# My new Buddy :)



## ~Mystic~ (Jun 16, 2010)

Here is my new guy. His name is Iggy. I rescued him from a pet shop where he wasn't selling. best $11.00 I ever spent. The Dog is my Italian Greyhound Ortiz. He loves him.


----------



## oatsnyogurt (Apr 5, 2010)

That's a *BIG* rat! Very cute. Does he have a cage buddy?


----------



## ~Mystic~ (Jun 16, 2010)

I have a 55 gallon tank but he is rarely in it lol. Looking for a large cage.


----------



## Laurie (Jun 16, 2010)

Yes he is a BIG ratty!!!! Hes a great little buddy!!! Love our new RAT!!!!


----------



## oscar betta (Jun 12, 2010)

Man that's a big rat! Nice find, I hardly ever see rats in pet stores with all brown on them.


----------



## ~Mystic~ (Jun 16, 2010)

Yeah I was surprised to see him. I'm use to seeing the white ones and the white and black ones. Their usually small to so I'm guessing He was either arounfd for awhile or someone brought him in. Either way their loss my gain


----------



## Sheepy (May 12, 2010)

Stunning little guy 



Sheepy.


----------



## Capistrono (Apr 12, 2010)

He's huge! Adorable!


----------



## ema-leigh (Jan 24, 2010)

Hes gorgeous. YAY for rescuing the older ones. 
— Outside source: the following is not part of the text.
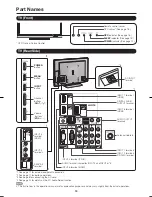 Предварительный просмотр 10 страницы Sharp LC 52SB55U Operation Manual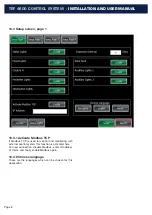 Preview for 8 page of Tranberg TEF 4600 User Manual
You should consider getting him a friend. Rats are very social, so he would love that. Plus to have a friend grooming and playing with him at night when you are asleep.


----------



## Laurie (Jun 16, 2010)

yeah we are planning on getting Iggy a friend.....just trying to get him comfy in his new home first....

He really is a great rat


----------



## ~Mystic~ (Jun 16, 2010)

Hopefully our friend will be able to get us the dumbo rat. I'd love that.


----------



## lakotasong (Aug 8, 2006)

What a big, handsome boy!!

ETA: I'm also looking for a dumbo rat, but probably not for another year or two. Let me know if you have any luck finding one. I'm looking for one to show from an ethical breeder.


----------



## ~Mystic~ (Jun 16, 2010)

Decided to wait on the dumbo rat. We adopted a nice boy (Merlin) from the local shelter 


We measured Iggy when he was laying down and measured 10 inches from nose to beginning of tail.


----------



## HansRats2010 (Jun 22, 2010)

He's a big lad! Reminds me of my Devy, sadly deceased now. Huge rats are cool! Except for the one who's sitting on me right now - he's a biter! 

Hannah


----------



## ~Mystic~ (Jun 16, 2010)

Iggy's as gentle as a fly. never nips or bites. I think he is still growing too. He loves to sit on my shoulder and play with my hair lol


----------